He said there were steps that “could be taken now” to have in place “well before the summer” and claimed it was not clear who in the Cabinet Office had approved the arrangements surrounding Mr Crothers’ employment and subsequent move back into the private sector, though he said it was possible that it was the department’s senior civil servant.

Lord Pickles said that when he heard the details of Mr Crothers’ moves, “to misquote PG Woodhouse, my eyebrows did raise the full quarter inch… I’ve been involved in public life for a long time and I have never really come across anything like this before.”

He said he would be “extraordinarily worried” if no formal record had been kept of the decision-making process around it, as “it would have much wider implications than what is happening now”.

“I think part of the problem we’ve got is just not being clear where the boundaries lay. In fact … there doesn’t seem to be any boundary,” said Lord Pickles.

On Mr Crothers being given permission to move straight into commercial work after leaving public service, he said: “Acoba wasn’t consulted.
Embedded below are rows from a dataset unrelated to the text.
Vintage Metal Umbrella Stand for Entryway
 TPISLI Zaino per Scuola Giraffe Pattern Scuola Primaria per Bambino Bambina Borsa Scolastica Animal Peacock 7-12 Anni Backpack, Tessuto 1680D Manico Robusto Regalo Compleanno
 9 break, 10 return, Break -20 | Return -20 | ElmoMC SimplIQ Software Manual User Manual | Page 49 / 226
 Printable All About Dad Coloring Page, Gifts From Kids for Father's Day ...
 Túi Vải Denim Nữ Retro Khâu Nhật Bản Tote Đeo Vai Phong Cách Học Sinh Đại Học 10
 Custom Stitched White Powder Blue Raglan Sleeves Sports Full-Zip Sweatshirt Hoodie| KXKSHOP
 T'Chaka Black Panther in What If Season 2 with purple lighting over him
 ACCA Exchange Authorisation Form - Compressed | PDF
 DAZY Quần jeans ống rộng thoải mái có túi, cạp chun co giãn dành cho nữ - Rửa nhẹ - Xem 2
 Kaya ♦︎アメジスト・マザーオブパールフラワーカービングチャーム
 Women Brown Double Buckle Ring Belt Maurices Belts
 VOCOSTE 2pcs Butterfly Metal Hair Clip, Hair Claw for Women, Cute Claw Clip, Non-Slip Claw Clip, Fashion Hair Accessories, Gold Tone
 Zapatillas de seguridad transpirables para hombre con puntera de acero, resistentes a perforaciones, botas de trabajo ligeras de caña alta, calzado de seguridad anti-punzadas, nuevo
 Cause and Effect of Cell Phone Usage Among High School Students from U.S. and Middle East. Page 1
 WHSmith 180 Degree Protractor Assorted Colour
The Cabinet Office suggested that a kind of internal ethics approach had given them permission. And as the job was essentially the same, Acoba’s consent wasn’t required.

“That’s an interesting argument, and I still have an open mind on it. But at this point, I can’t say I’m convinced by it.”

He added: “I don’t know who gave that permission. I don’t know what the arrangements are. I don’t know what the form of consent is, I don’t know the procedures for that consent to go through.”

Lord Pickles said that a series of governments dating back to the Thatcher administration had tried to attract people with business experience into the civil service.

As a result, he said: “I kind of understand how we got into that circumstance, but I don’t think it excuses the final result.”

Speaking to reporters, Mr Johnson later said he agreed “thoroughly” with Lord Pickles, adding: “I think the most important thing is for us to get to the bottom of it properly and I want all ministers and civil servants to be making the information that needs to be known known to Mr Boardman and let’s see what he has to say. You’re absolutely right, we need to understand what’s gone on here.”